● **PROBLEM REQUIREMENTS**: Exactly the lines from the one that holds "블루종 레더자켓 브라운 상품이미지2" to the end of the data below: retype these and nothing else.

● **EXCERPTED DATA**:
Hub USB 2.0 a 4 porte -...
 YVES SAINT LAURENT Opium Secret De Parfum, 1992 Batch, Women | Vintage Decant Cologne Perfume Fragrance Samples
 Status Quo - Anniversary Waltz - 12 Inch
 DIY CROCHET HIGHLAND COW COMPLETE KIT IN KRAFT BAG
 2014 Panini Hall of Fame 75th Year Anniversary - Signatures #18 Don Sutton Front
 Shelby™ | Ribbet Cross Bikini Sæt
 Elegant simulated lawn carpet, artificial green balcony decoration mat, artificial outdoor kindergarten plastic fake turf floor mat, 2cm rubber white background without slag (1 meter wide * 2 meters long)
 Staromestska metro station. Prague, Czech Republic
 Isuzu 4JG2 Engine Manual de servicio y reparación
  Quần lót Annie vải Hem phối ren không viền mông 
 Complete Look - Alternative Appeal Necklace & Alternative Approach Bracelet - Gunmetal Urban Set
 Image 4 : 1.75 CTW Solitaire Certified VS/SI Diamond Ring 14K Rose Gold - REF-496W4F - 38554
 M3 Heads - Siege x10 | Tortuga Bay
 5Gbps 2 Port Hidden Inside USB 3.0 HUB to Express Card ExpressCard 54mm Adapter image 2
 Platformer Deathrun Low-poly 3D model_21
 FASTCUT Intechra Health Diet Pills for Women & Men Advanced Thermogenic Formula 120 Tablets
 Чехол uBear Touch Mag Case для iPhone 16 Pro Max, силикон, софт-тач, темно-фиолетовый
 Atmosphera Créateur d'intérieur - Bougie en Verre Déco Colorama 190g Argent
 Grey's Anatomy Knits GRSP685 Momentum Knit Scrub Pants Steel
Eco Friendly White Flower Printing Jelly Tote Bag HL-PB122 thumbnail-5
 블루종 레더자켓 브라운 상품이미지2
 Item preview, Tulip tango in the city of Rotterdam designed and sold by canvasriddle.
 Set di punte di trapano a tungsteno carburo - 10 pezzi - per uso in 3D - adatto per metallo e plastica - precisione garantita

● **SOLUTION FOR THIS EXERCISE**:
 블루종 레더자켓 브라운 상품이미지2
 Item preview, Tulip tango in the city of Rotterdam designed and sold by canvasriddle.
 Set di punte di trapano a tungsteno carburo - 10 pezzi - per uso in 3D - adatto per metallo e plastica - precisione garantita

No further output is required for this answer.